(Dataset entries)

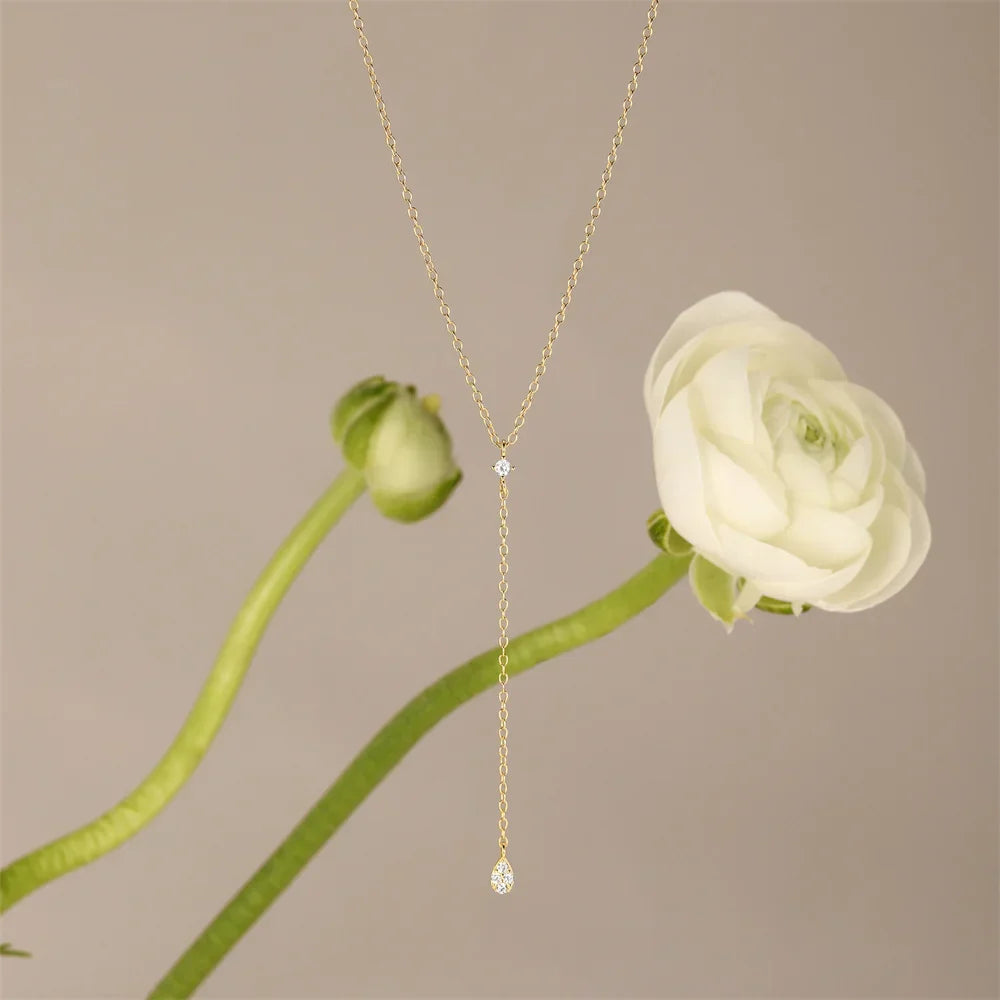 925 Sterling Silver Necklaces Charms for Women Crystal Cross Clavicle Collar Chain Simple Choker Necklace Accessories Gift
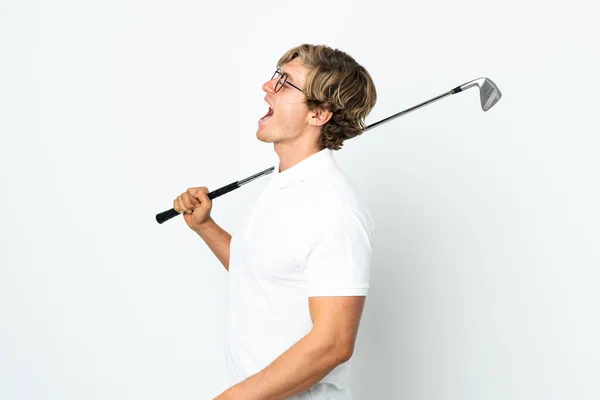 Inglês Homem Jogando Golfe Rindo Posição Lateral — Fotografia de Stock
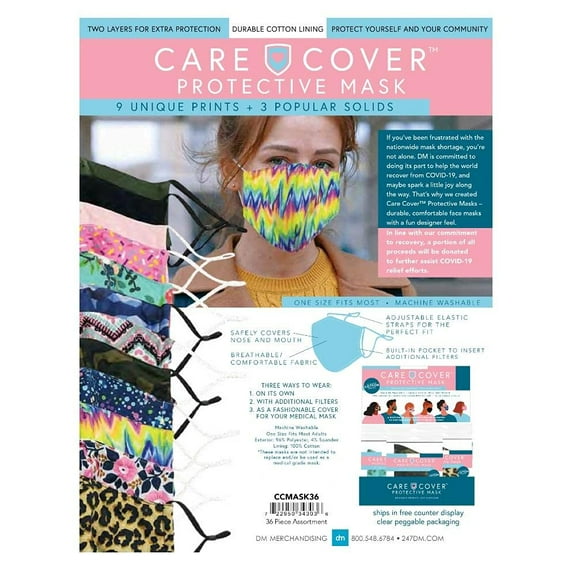 Care Cover Protective Face Mask 1 pk (Pack of 14)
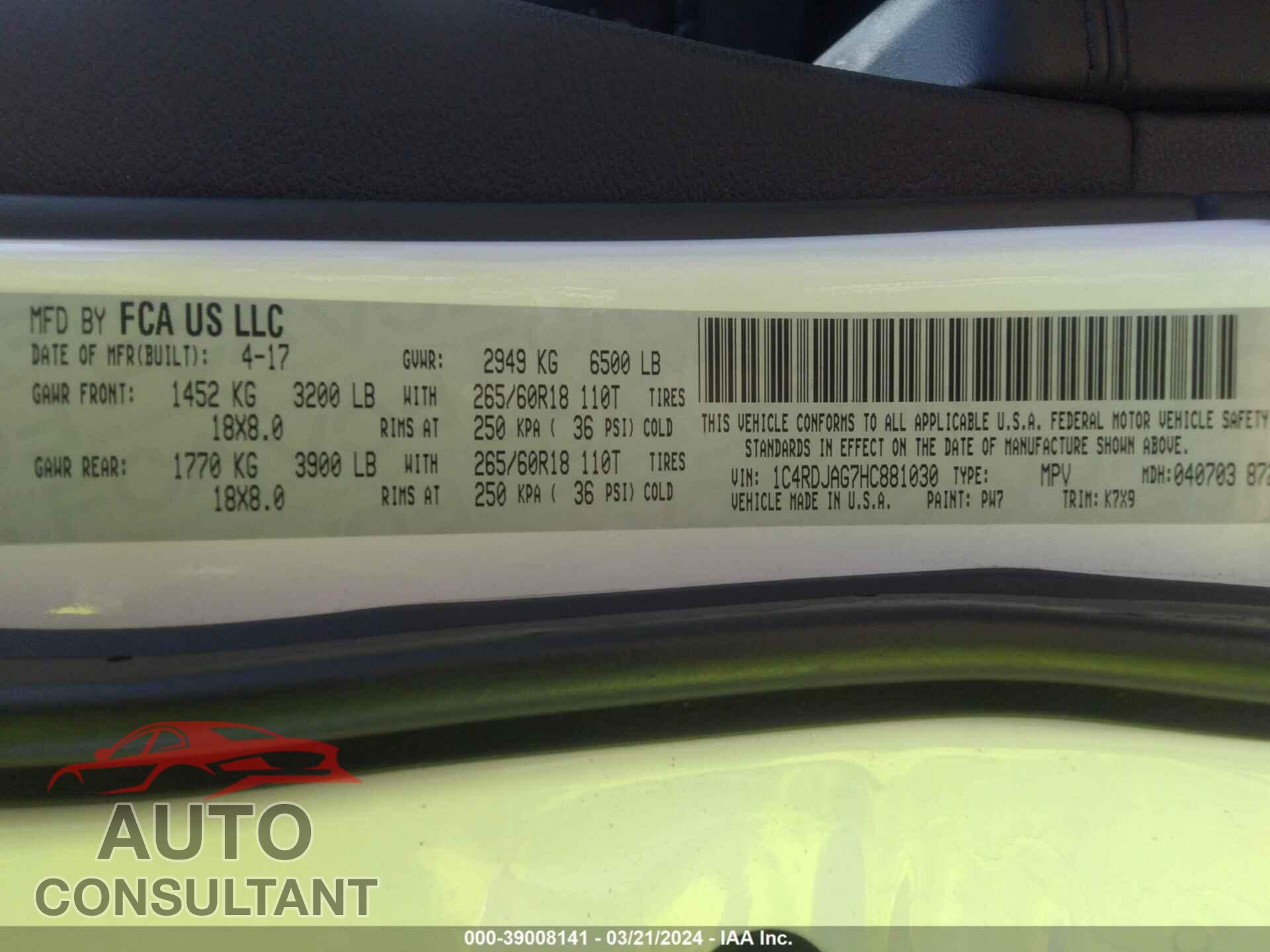 DODGE DURANGO 2017 - 1C4RDJAG7HC881030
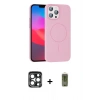 MARSİLYAN™- iPhone 15 Pro Max Kılıf Siluet Doku Özel Seri - Siyah Joko Magic 5D Hayalet Cam + PVD Metal Kamera Lens - LT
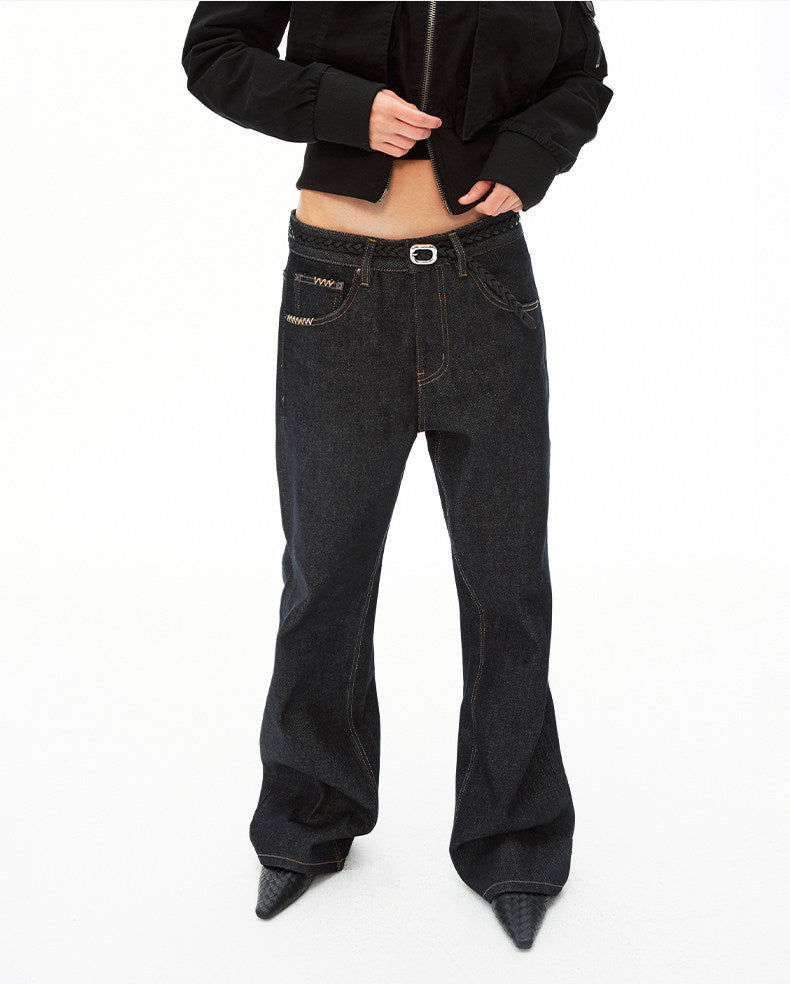 Retro Flare Slim-Fit Straight-Leg Jeans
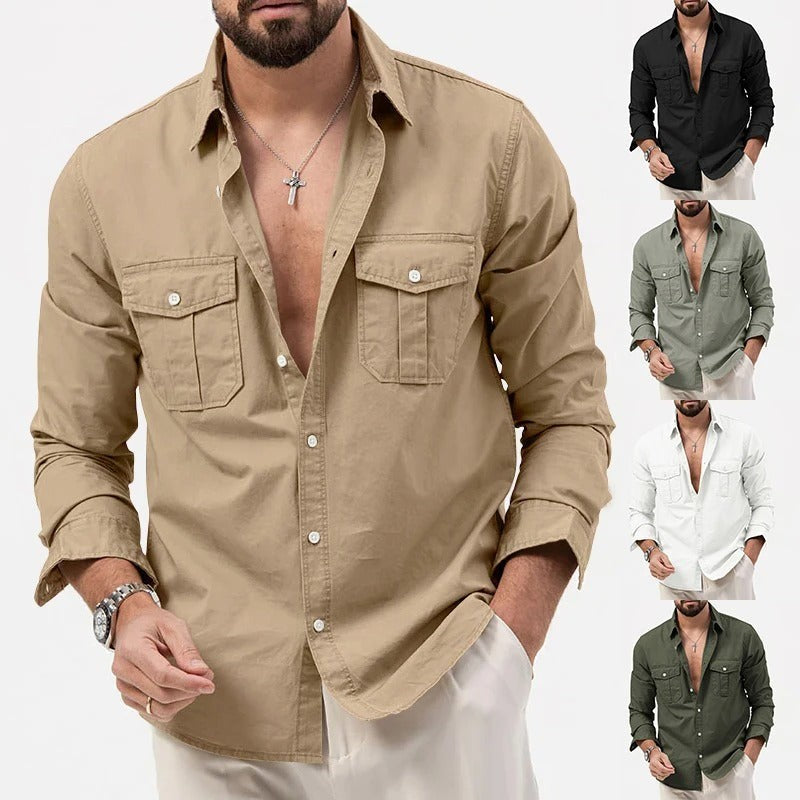 Colour swatch of wrinkle-resistant button shirt in khaki, black, green and white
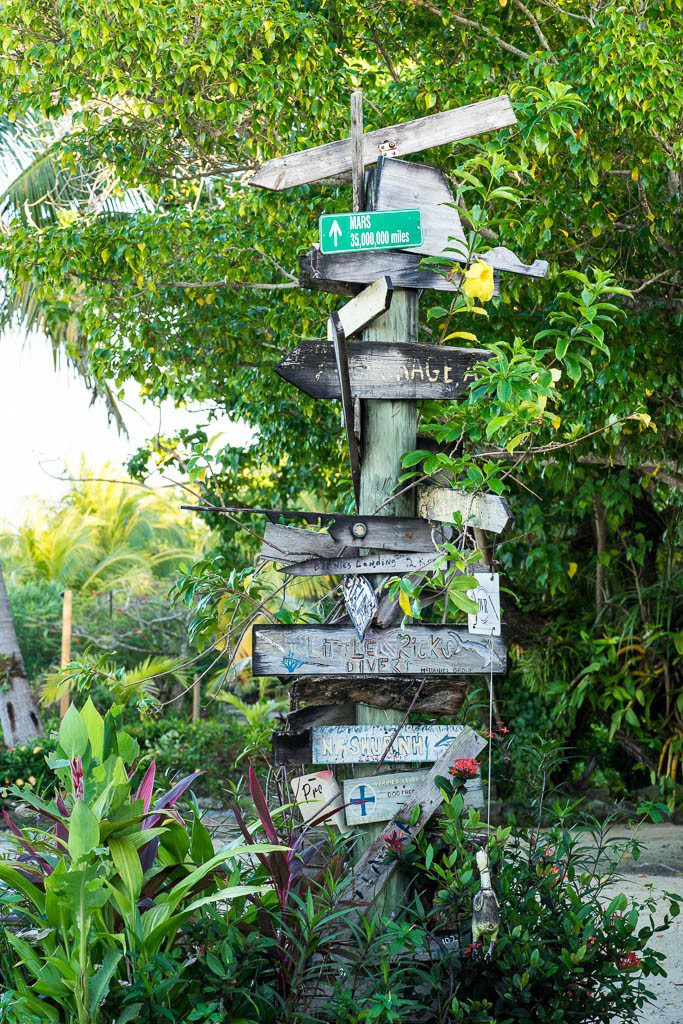 Signpost. Couldn't read most of it but it was covered in diving stuff anyway.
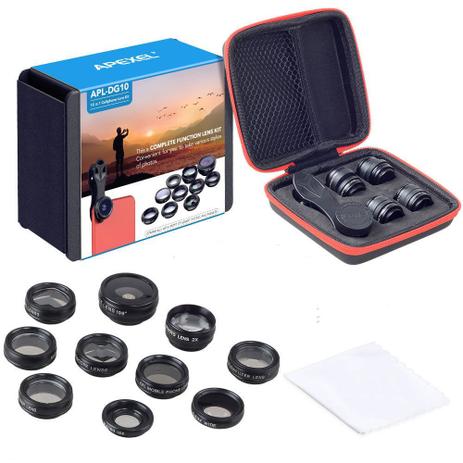 Kit 10 Lentes Apexel Universal Celulares Wide Macro Cpl Radial Menor preço em Kit 10 Lentes Apexel Universal Celulares Wide Macro Cpl Radial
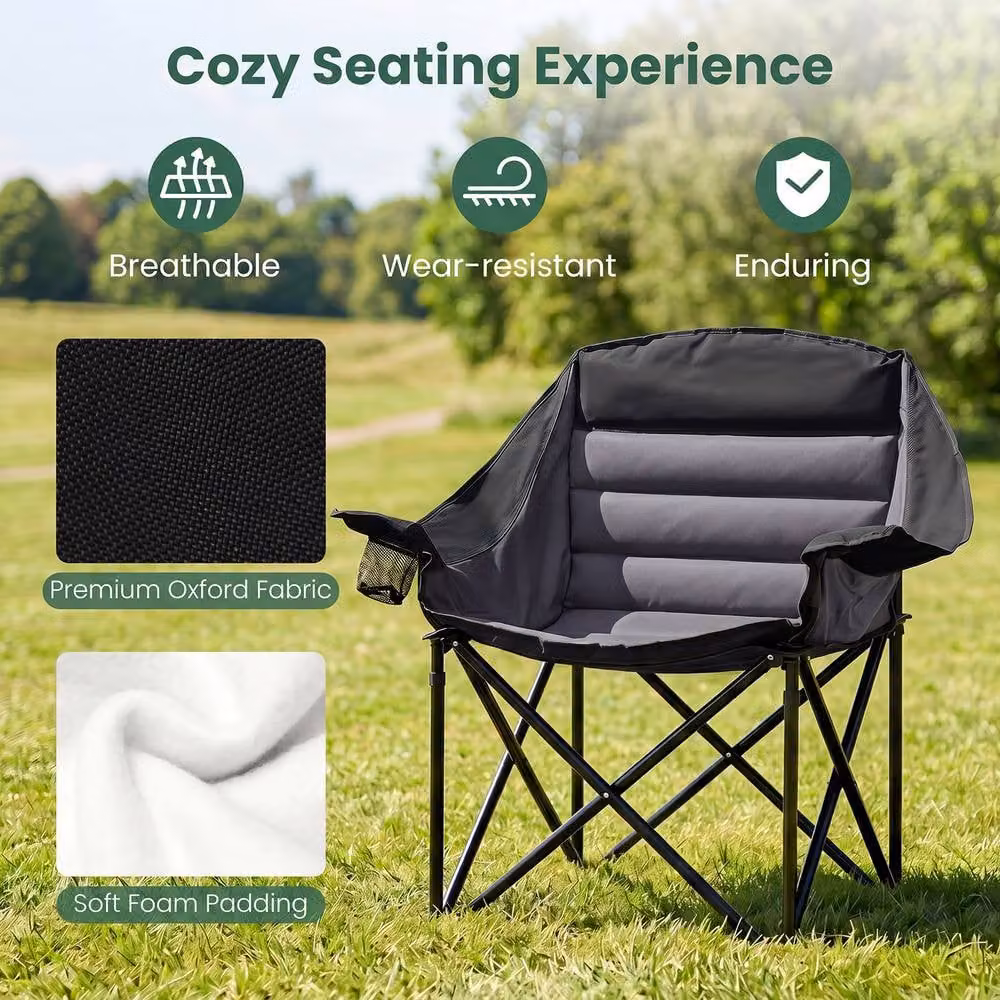 Gymax Heavy Duty Oversized Folding Camping Armchair with Padded Seat in Black – 8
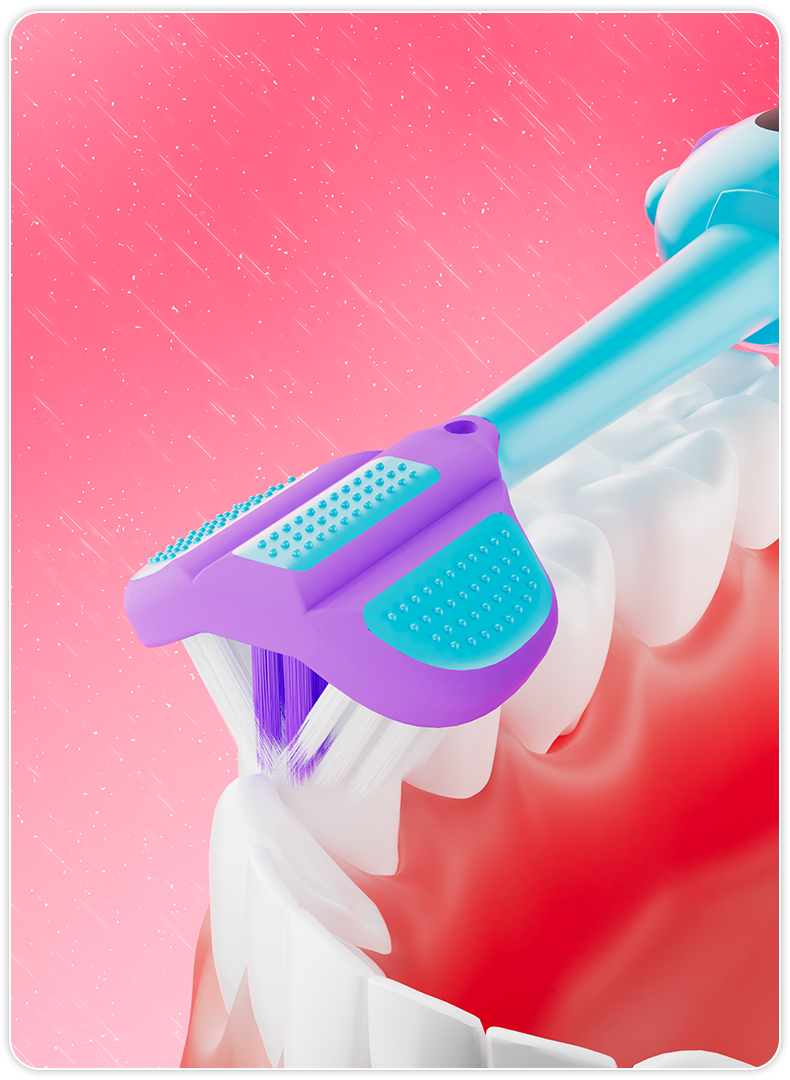 Dycrol KR626 Astronaut-Inspired 3-Sided Kids Toothbrush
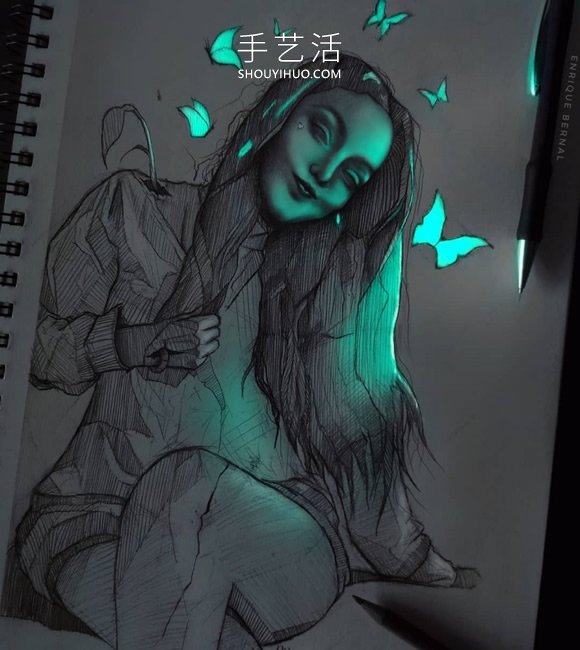 看起来像被荧光灯照亮的创意铅笔画DIY(图8)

EXERCISE AIM:
Starting with the line that holds "Retro Flare Slim-Fit Straight-Leg Jeans", print each line through the last one of the data exactly as written, but do not include the pictures.

RESPONSE TO THIS TASK:
 Retro Flare Slim-Fit Straight-Leg Jeans
 Colour swatch of wrinkle-resistant button shirt in khaki, black, green and white
 Signpost. Couldn't read most of it but it was covered in diving stuff anyway.
 Kit 10 Lentes Apexel Universal Celulares Wide Macro Cpl Radial Menor preço em Kit 10 Lentes Apexel Universal Celulares Wide Macro Cpl Radial
 Gymax Heavy Duty Oversized Folding Camping Armchair with Padded Seat in Black – 8
 Dycrol KR626 Astronaut-Inspired 3-Sided Kids Toothbrush
 看起来像被荧光灯照亮的创意铅笔画DIY(图8)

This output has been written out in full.